India has 33 million child laborers according to the 2011 census. Yet in India, there is large-enough base of unemployed adult population that very practically, an adult can replace every currently employed child if they were sent to school instead.

India does have many laws against child labor. The Factories Act and the Child Labor Acts both rule that children below the age of 14 cannot work in factories or hazardous industries. The 2009 Free and Compulsory Education Act mandates that children attend school until the age of 14 and that private schools allocate 25% seats to disadvantaged children. However, these laws have not been enough to redirect children from very impoverished, indebted or business oriented families to school. Child labor thrives because many families rely on the marginal additional income from their child – especially when the working parent is disabled. It exists because although tuition is free, books and uniforms are expensive to buy. Sometimes, it happens because the child is too hungry, playful, or uninterested to be in school and the parents themselves don’t realize the importance of education.  The problem becomes more prevalent after the legally mandated age of schooling, 14 .

What can India do to put more children in school instead of in the workplace? One potential solution is to implement a conditional cash transfer program tailored for the country.

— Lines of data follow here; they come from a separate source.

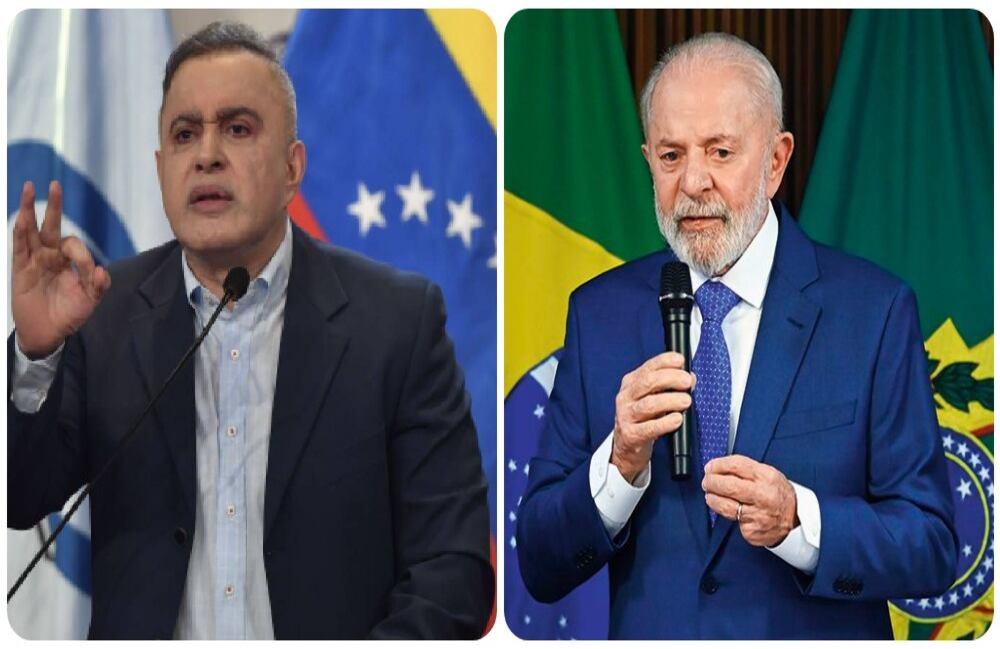 Tarek William Saab, fiscal general de Venezuela y Luiz Inacio Lula, presidente de Brasil.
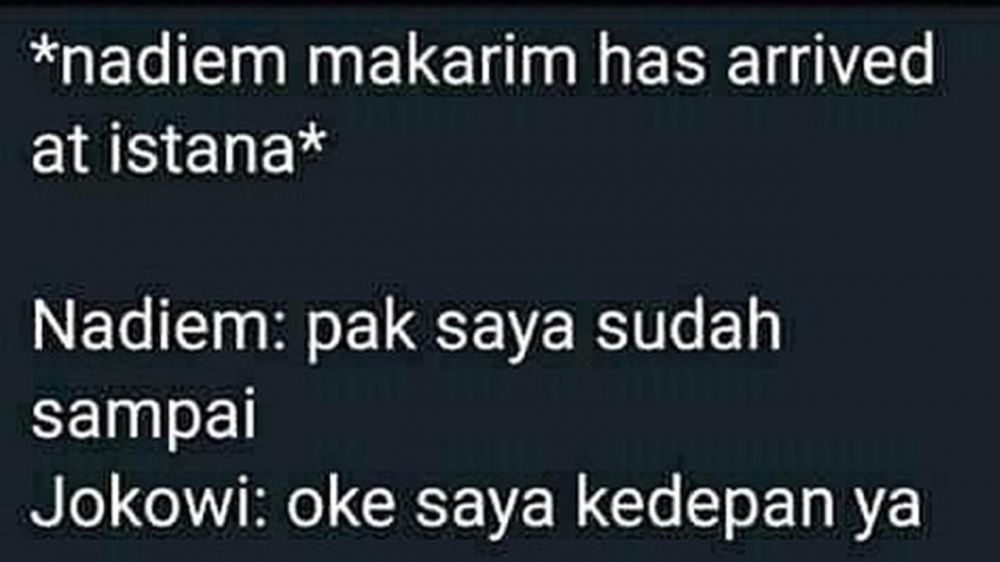 10 Meme lucu Nadiem Makarim masuk kabinet Jokowi-Ma'ruf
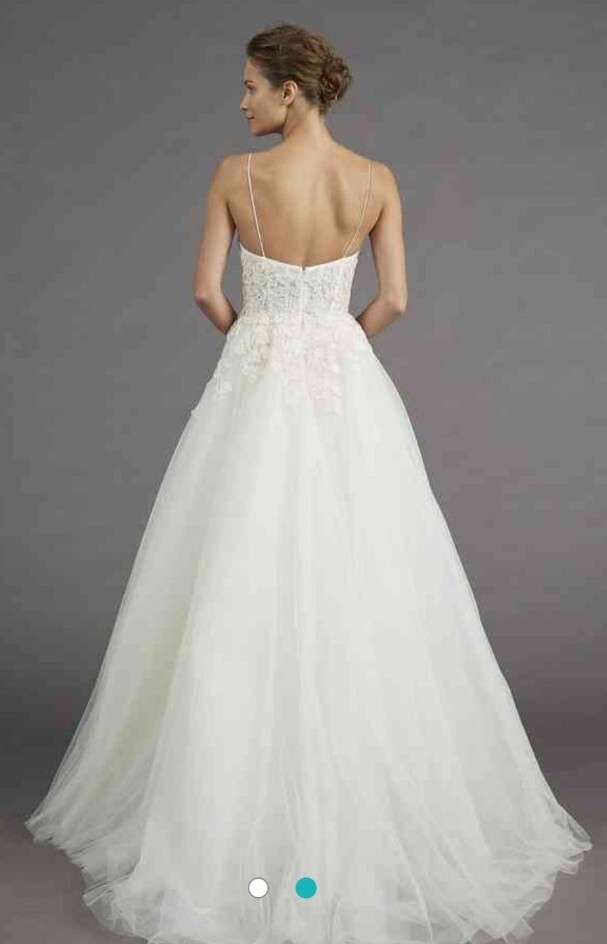 Nouvelle Amsale Hand Beaded Tulle Embellished Ivory Wedding Dress Size 8 $6700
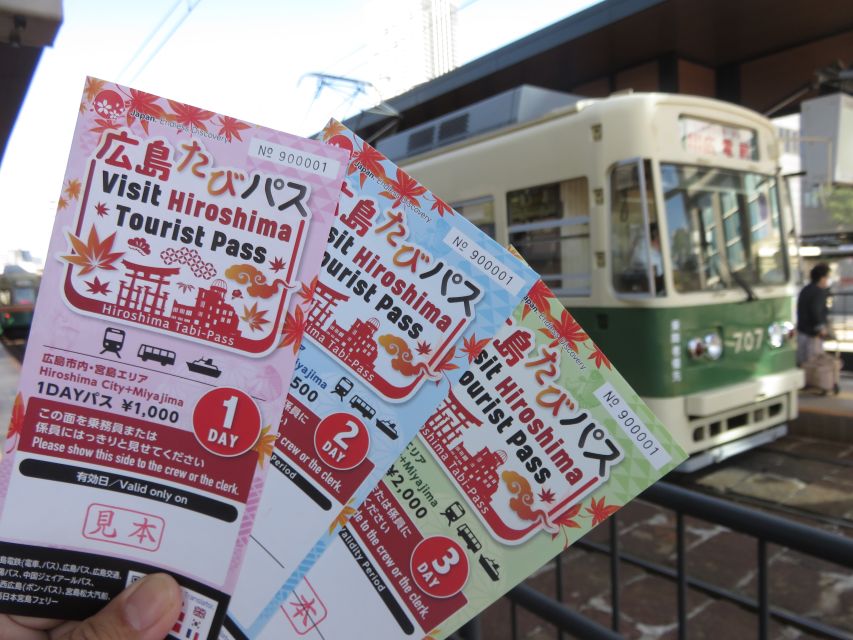 Hiroshima:Visit Tourist Pass(1, 2, 3day and 3day middlearea) - Reaching the Atomic Bomb Dome by tram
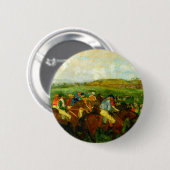 Badge Rond 5 Cm Edgar Degas Équitation (Devant & derrière)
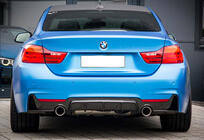 BMW 4 séria F32/F33/F36 2012–2020 Zadný difúzor DPT V-1 (pre M-Performance, čierny lesklý) fotografia 1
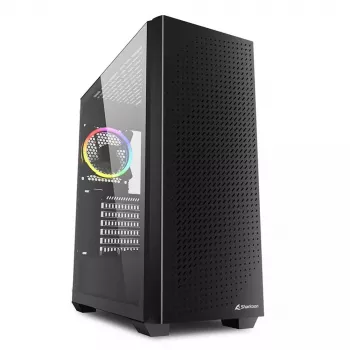 PC Case Sharkoon VS9 RGB Midi Tower Melns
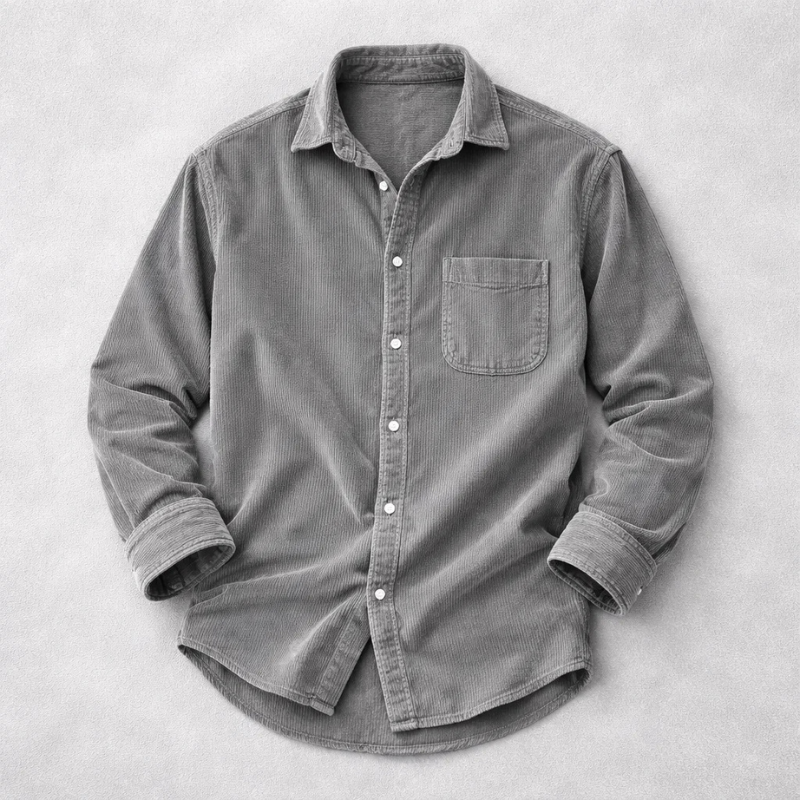 FRANK | KLASSISK, ELEGANT CORDUROY-SKJORTE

The program would work like this: For families that earn below sustenance wage in communities with very high incidence of child labor, the government will offer the same sum of money that their working child would be expected to make. Additionally, it would guarantee free books and uniforms, given that families provide proof of the child attending at least 80% of the classes and show that they have been making good academic progress. If proof is found that a cash-receiving family still sends their child to full-time work, or that any fraud has been involved in recording attendance by authorities, all benefits shall be immediately terminated. Such a conditional cash transfer has a two-fold impact: One, that the original financial reason for the family to send their child to work is removed and two, parents now have an incentive to encourage their child to regularly attend, and do well, in school. This way, governments can ensure that taxpayers’ money go towards truly empowering the needy youth, thus strengthening system-wide benefits for the whole nation.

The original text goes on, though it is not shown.